=== DATA SHOWN ===

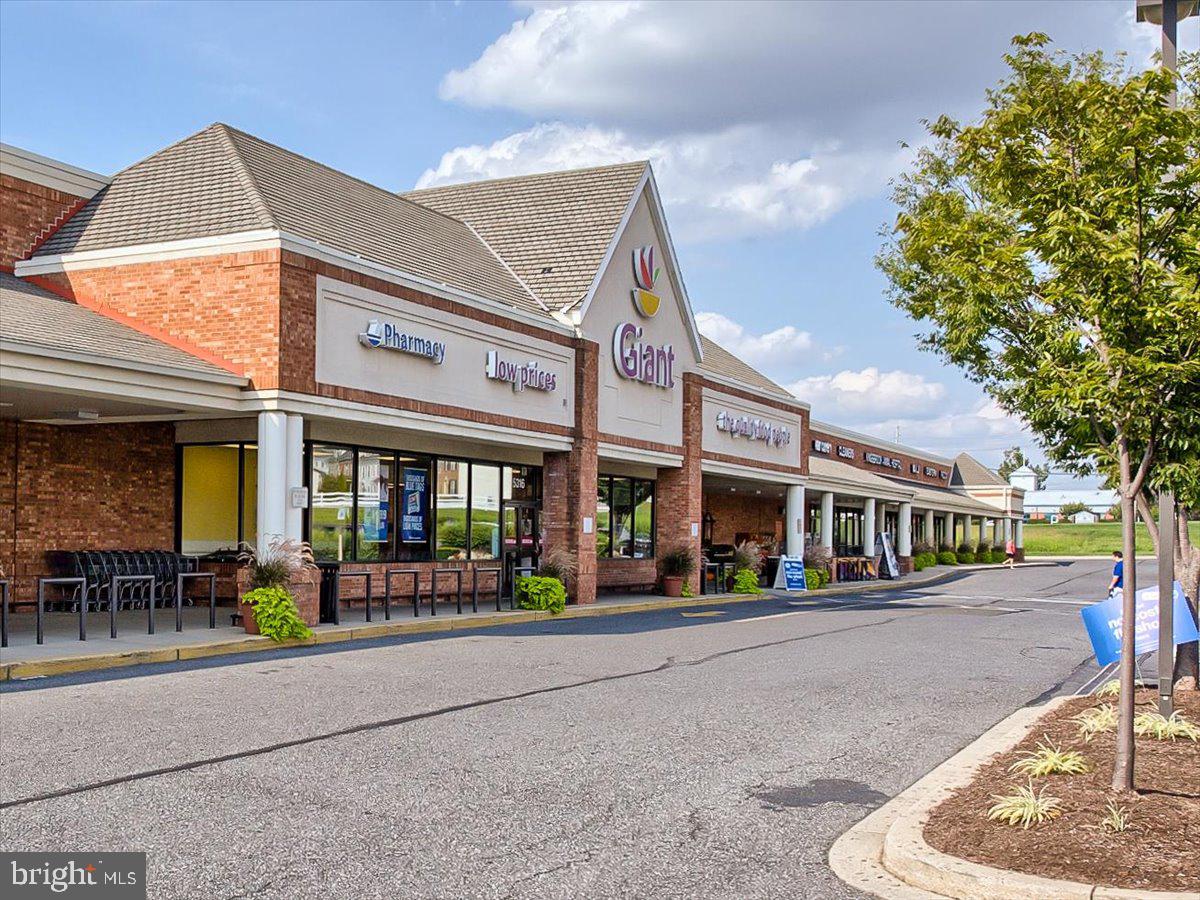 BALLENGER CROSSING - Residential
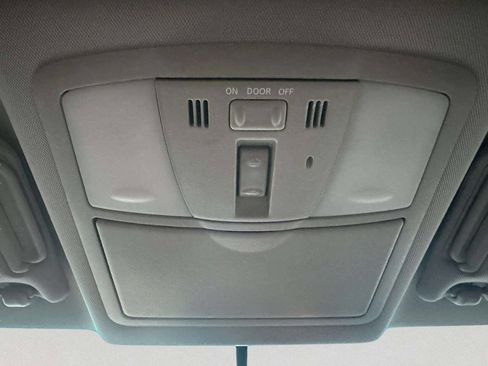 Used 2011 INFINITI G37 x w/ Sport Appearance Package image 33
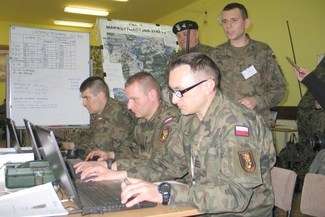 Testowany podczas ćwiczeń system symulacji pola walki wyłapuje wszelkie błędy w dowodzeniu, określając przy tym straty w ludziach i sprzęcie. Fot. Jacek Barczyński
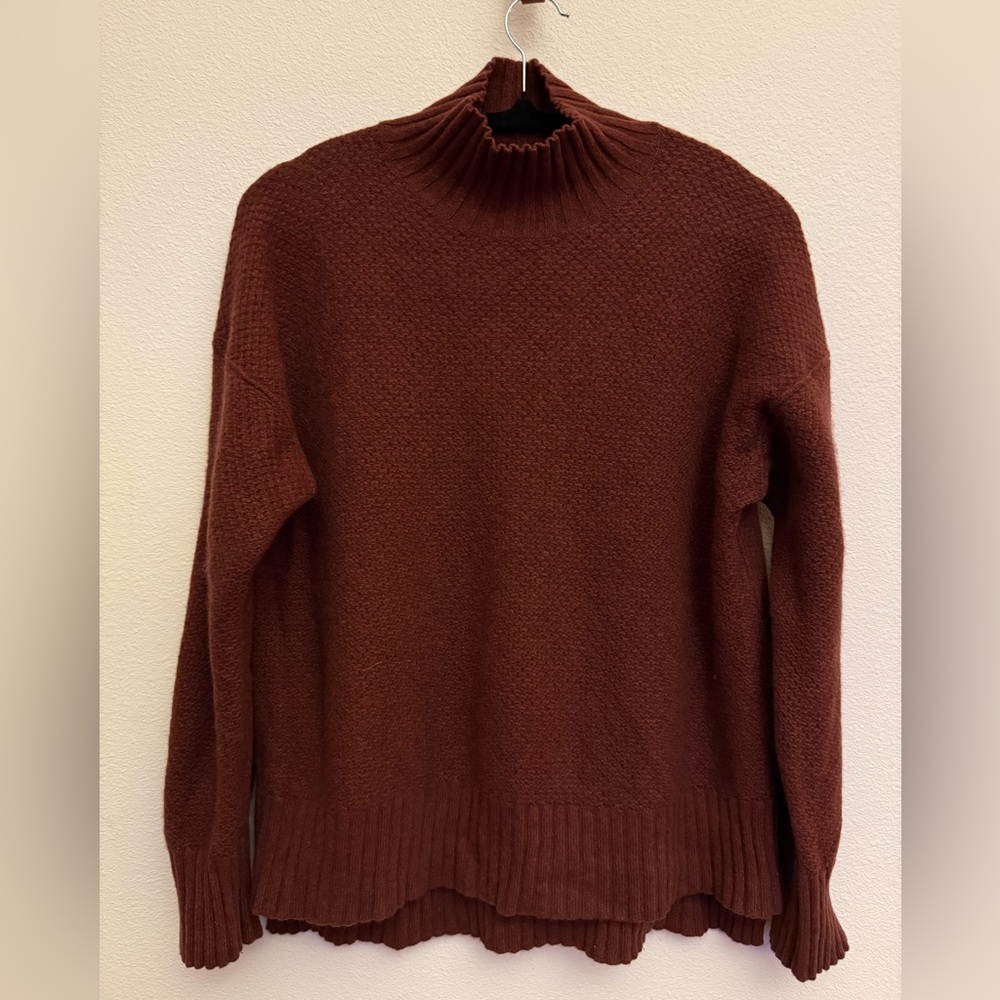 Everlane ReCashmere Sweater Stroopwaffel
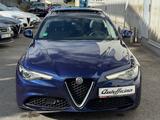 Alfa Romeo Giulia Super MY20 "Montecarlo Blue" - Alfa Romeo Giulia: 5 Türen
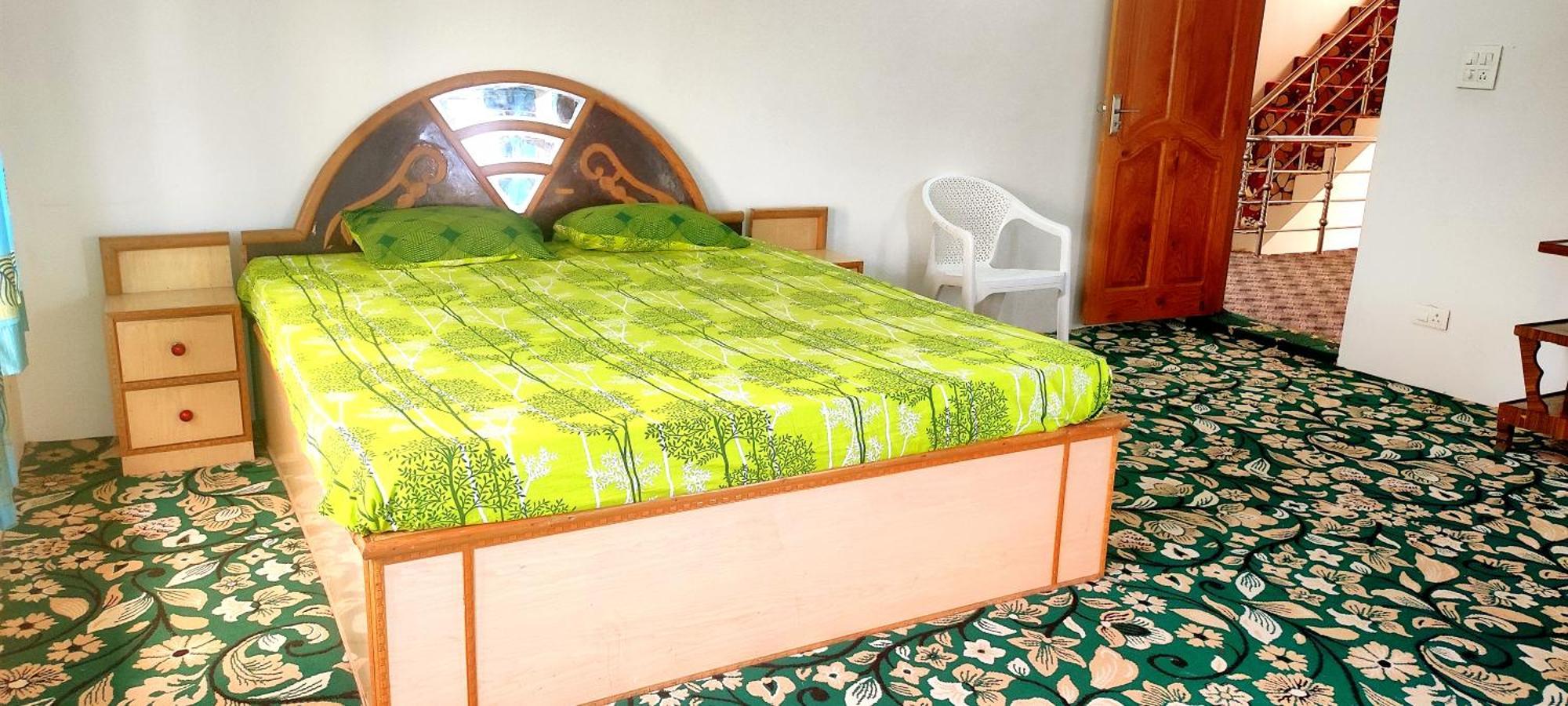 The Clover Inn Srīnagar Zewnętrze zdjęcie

===
=== DATA SHOWN ===

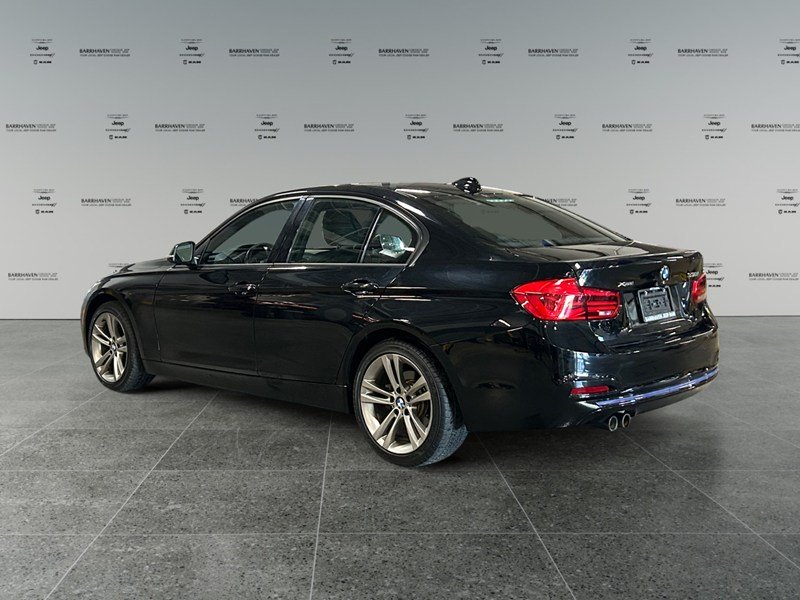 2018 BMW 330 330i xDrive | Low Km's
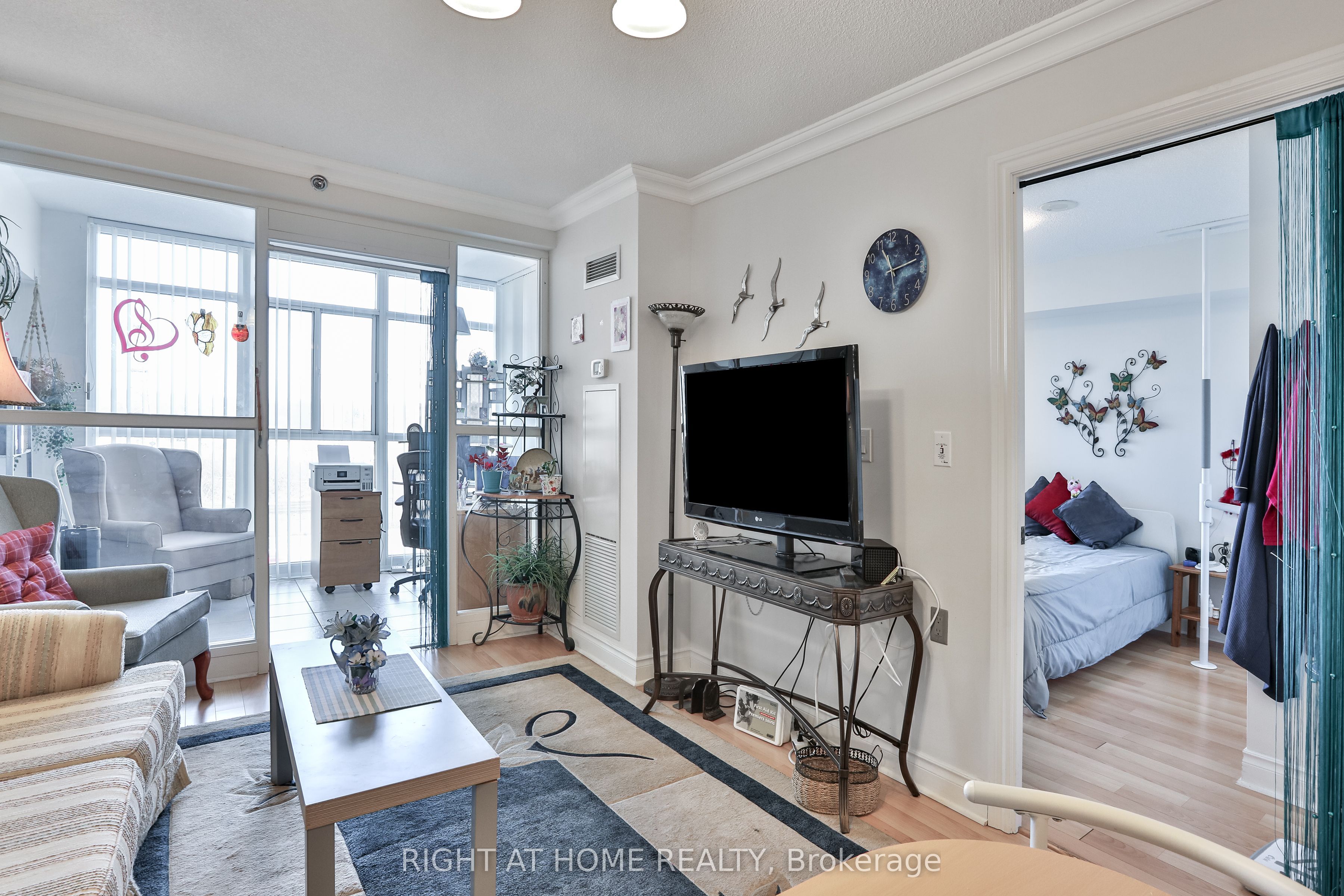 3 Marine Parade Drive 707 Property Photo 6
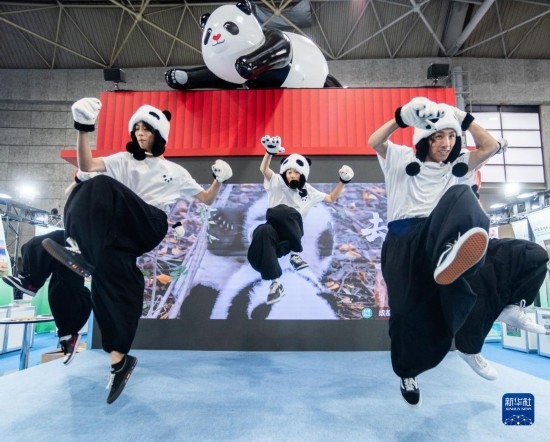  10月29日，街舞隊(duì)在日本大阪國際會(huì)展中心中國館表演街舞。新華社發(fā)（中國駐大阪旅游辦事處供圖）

===
=== DATA SHOWN ===

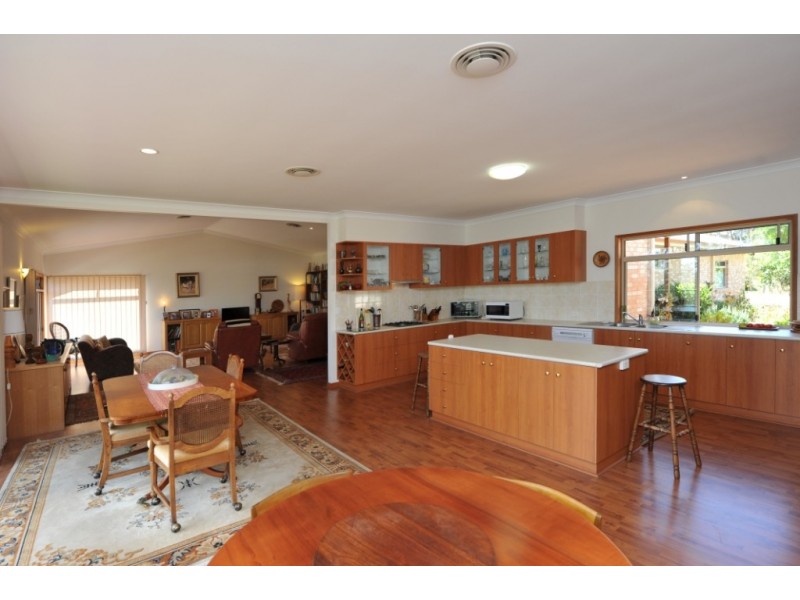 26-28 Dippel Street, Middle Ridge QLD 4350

===

Only one stretch of the entries above is needed: the lines from the one containing "BALLENGER CROSSING - Residential" through the one containing "Everlane ReCashmere Sweater Stroopwaffel". Copy it exactly, without the pictures.

- YOUR RESPONSE:
 BALLENGER CROSSING - Residential
 Used 2011 INFINITI G37 x w/ Sport Appearance Package image 33
 Testowany podczas ćwiczeń system symulacji pola walki wyłapuje wszelkie błędy w dowodzeniu, określając przy tym straty w ludziach i sprzęcie. Fot. Jacek Barczyński
 Everlane ReCashmere Sweater Stroopwaffel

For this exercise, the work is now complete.